With pictures excluded, repeat exactly the lines from the one containing "MYKOLAIV, UKRAINE - AUGUST" through the last line of the material below.
((
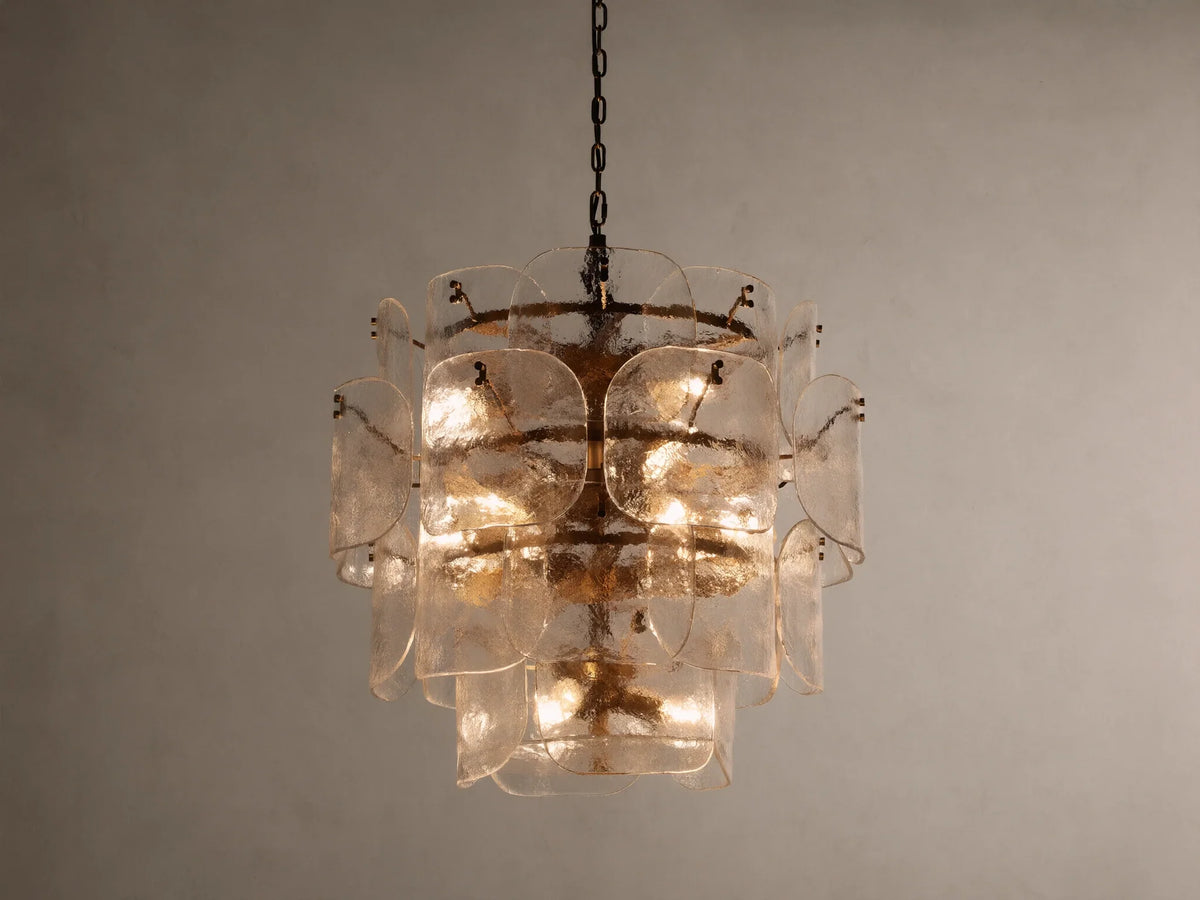 Blaire Round Chandelier with layered, curved clear glass panels creating a textured effect. Lit with warm light, hung by a brass-finished chain.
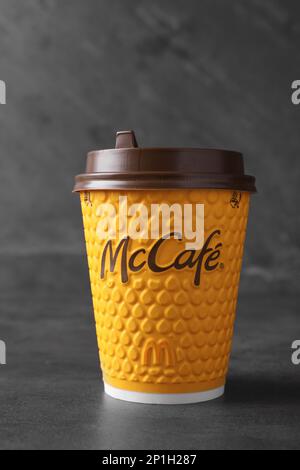 MYKOLAIV, UKRAINE - AUGUST 12, 2021: Hot McDonald's drink on grey table Stock Photo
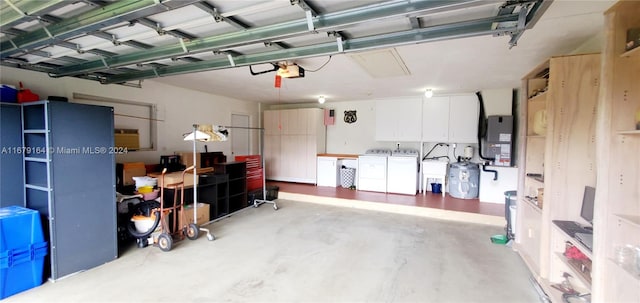 garage featuring washer and clothes dryer, a garage door opener, and electric panel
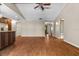 Open concept living space featuring hardwood floors, natural light, and neutral paint tones at 3942 Orange Lake Dr, Orlando, FL 32817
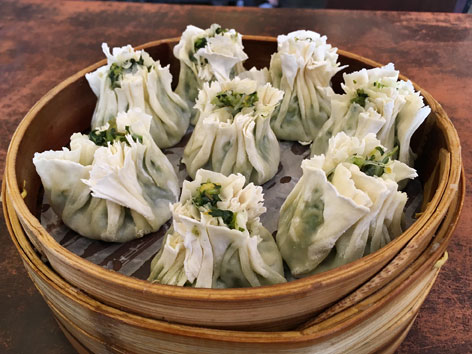 Shaomai dumplings in a bamboo steamer from a Beijing restaurant. 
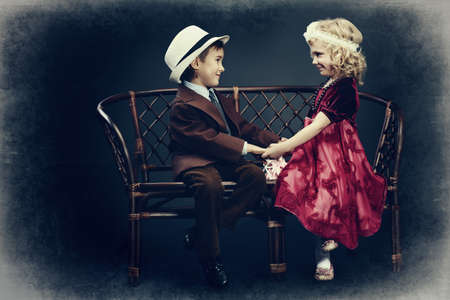 Cute little boy admitted in love the charming little lady. Retro style.の写真素材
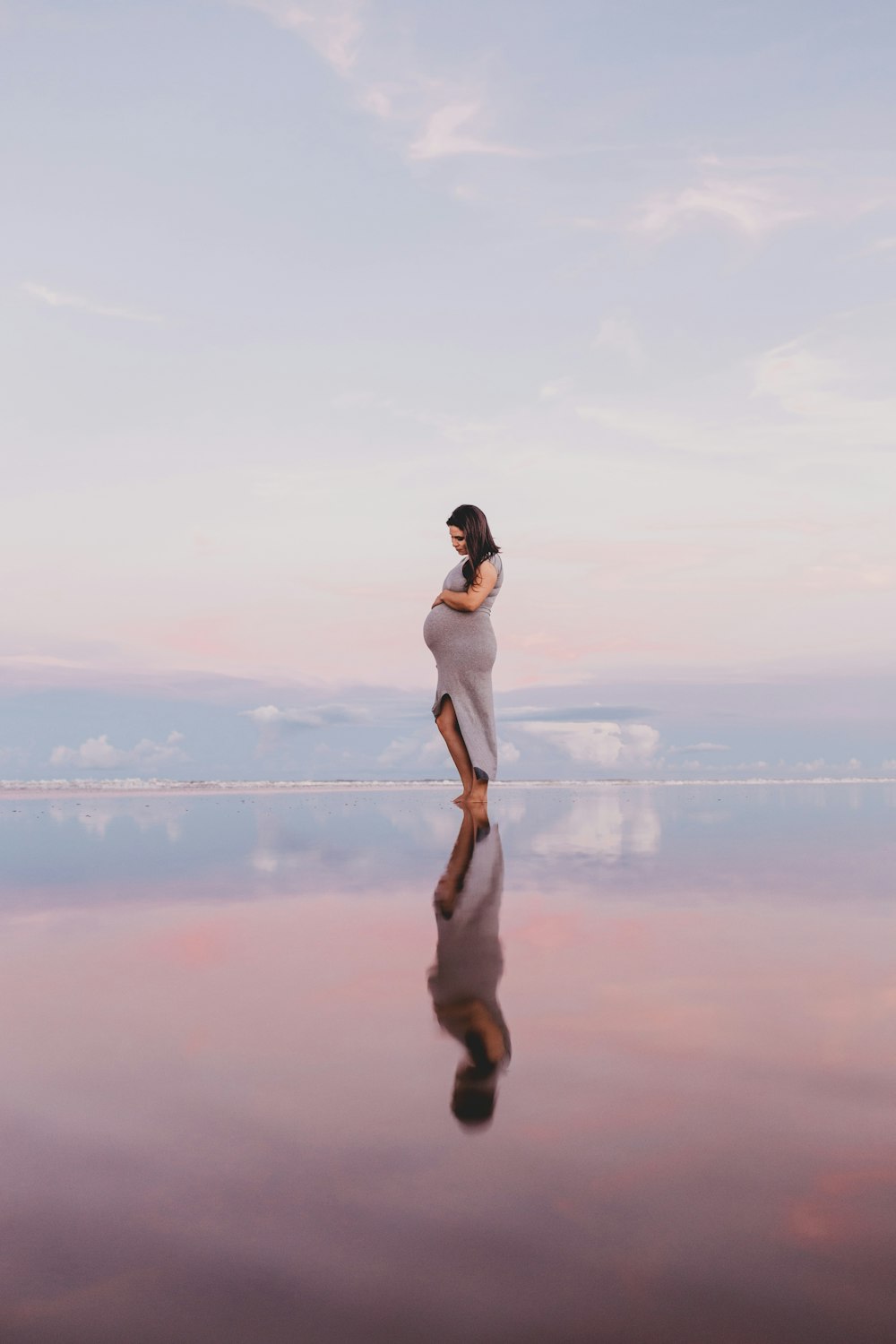 pregnant woman standing on calm body of water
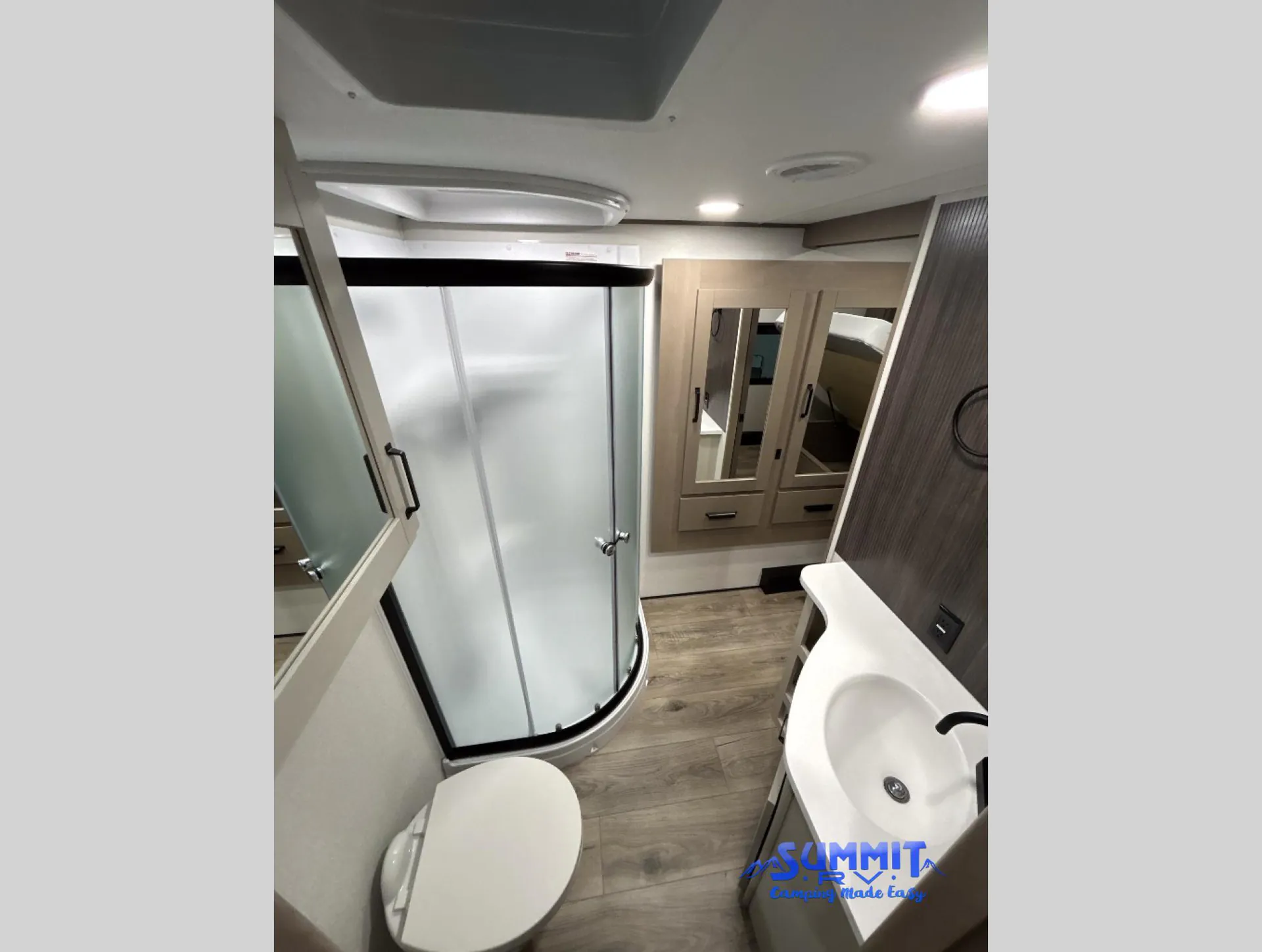 2027 Grand Design Reflection 362TBS — Fifth-wheel bathroom with curved shower, toilet, vanity sink, mirrored cabinets, and wood-look flooring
))
▶ _RESULT FOR THIS EXERCISE_
 MYKOLAIV, UKRAINE - AUGUST 12, 2021: Hot McDonald's drink on grey table Stock Photo
 garage featuring washer and clothes dryer, a garage door opener, and electric panel
 Open concept living space featuring hardwood floors, natural light, and neutral paint tones at 3942 Orange Lake Dr, Orlando, FL 32817
 Shaomai dumplings in a bamboo steamer from a Beijing restaurant. 
 Cute little boy admitted in love the charming little lady. Retro style.の写真素材
 pregnant woman standing on calm body of water
 2027 Grand Design Reflection 362TBS — Fifth-wheel bathroom with curved shower, toilet, vanity sink, mirrored cabinets, and wood-look flooring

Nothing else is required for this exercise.